What this task involves. Every record below, from first to last, should be copied exactly; leave the pictures out.
Segment Start: Records for the task
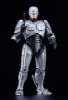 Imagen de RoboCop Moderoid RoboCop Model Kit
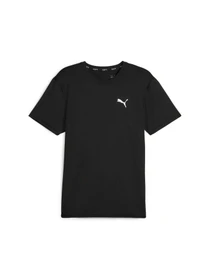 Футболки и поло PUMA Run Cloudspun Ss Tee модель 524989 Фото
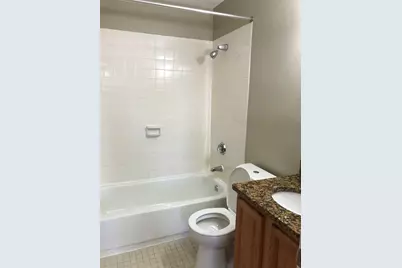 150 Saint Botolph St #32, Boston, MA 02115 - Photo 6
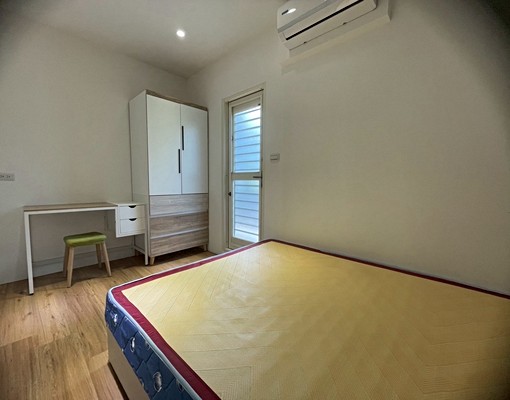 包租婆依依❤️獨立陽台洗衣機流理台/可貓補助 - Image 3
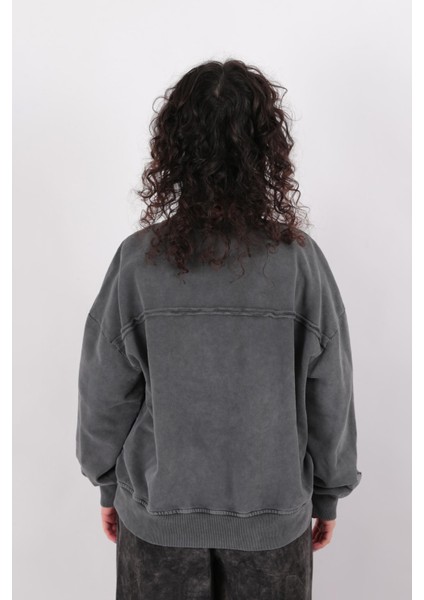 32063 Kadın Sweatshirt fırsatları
Segment End: Records for the task
Output of the exercise.
 Imagen de RoboCop Moderoid RoboCop Model Kit
 Футболки и поло PUMA Run Cloudspun Ss Tee модель 524989 Фото
 150 Saint Botolph St #32, Boston, MA 02115 - Photo 6
 包租婆依依❤️獨立陽台洗衣機流理台/可貓補助 - Image 3
 32063 Kadın Sweatshirt fırsatları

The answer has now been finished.